During a six-hour budget balancing session Monday, a majority of council members had settled on 10 days of furloughs for everyone but police, firefighters, dispatchers and other public-safety employees in supporting roles to help bridge the 2010 budget gap.
Gallagher, who got the idea of reducing the number of paid holidays for all employees from Ca§non City, said the proposal “spreads the pain” and doesn’t unfairly single out certain employees.
“Everybody in the city organization needs to share in the pain and suffering,” he said. “When it was 10 days of furloughs, that was being shouldered by the people who make the least amount of money in the city structure.”
Gallagher said the police and fire departments were largely unscathed by the budget cuts.
“We did a pretty good job of making them whole,” he said. “If we do get the change in holidays, they’ll be impacted by that and all city employees will shoulder an equal share of the load. This spreads the pain. Theoretically, that way it doesn’t hurt as much.”
Mike Smaldino, president of the firefighters’ union, said he hadn’t seen the proposal and didn’t know how it would affect the rank-and-file.
But Smaldino said the Fire Department did make sacrifices under the proposed budget. He said 11 positions won’t be filled next year and that four veteran firefighters are participating in an early retirement program to avert layoffs of younger firefighters.

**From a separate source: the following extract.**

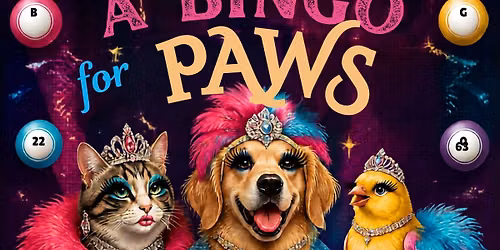Dragqueen Meat Bingo!!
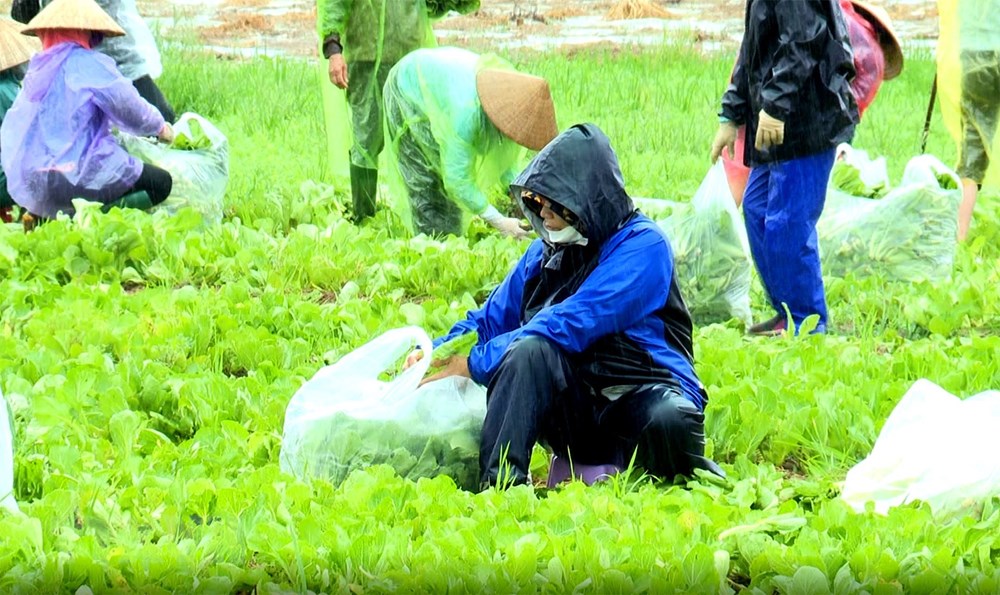 Phu nu Bac Ninh doi mua thu hoach nong san chi vien cho nguoi Ha Noi hinh anh 1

“The Fire Department didn’t get through this without being touched,” he said. “We weren’t affected pay wise, but we did lose 15 people yesterday.”
Also on Tuesday, the city’s Public Communications Office issued a news release emphasizing that many of the “significant cuts” proposed by City Manager Penelope Culbreth-Graft in October were still part of the 2010 spending plan.
“Just because (the police and fire departments) were partially restored does NOT mean the other impacts have gone away,” city spokeswoman Sue Skiffington-Blumberg said in an e-mail. “It would be a disservice to the community to lead them to believe all is well, business as usual.”
For example, she said, the city still plans 125 layoffs and to close its swimming pools.
But some residents questioned whether city officials were being truthful about the budget situation while promoting issue 2C, a property tax increase, before the Nov. 3 election.
“I don’t know how you guys sleep at night,” businessman Ed Bircham said during Tuesday’s council meeting. “All of a sudden the sky (is) falling before the election and now we find out, Mr. Mayor and City Council, that we’ve been through this before.”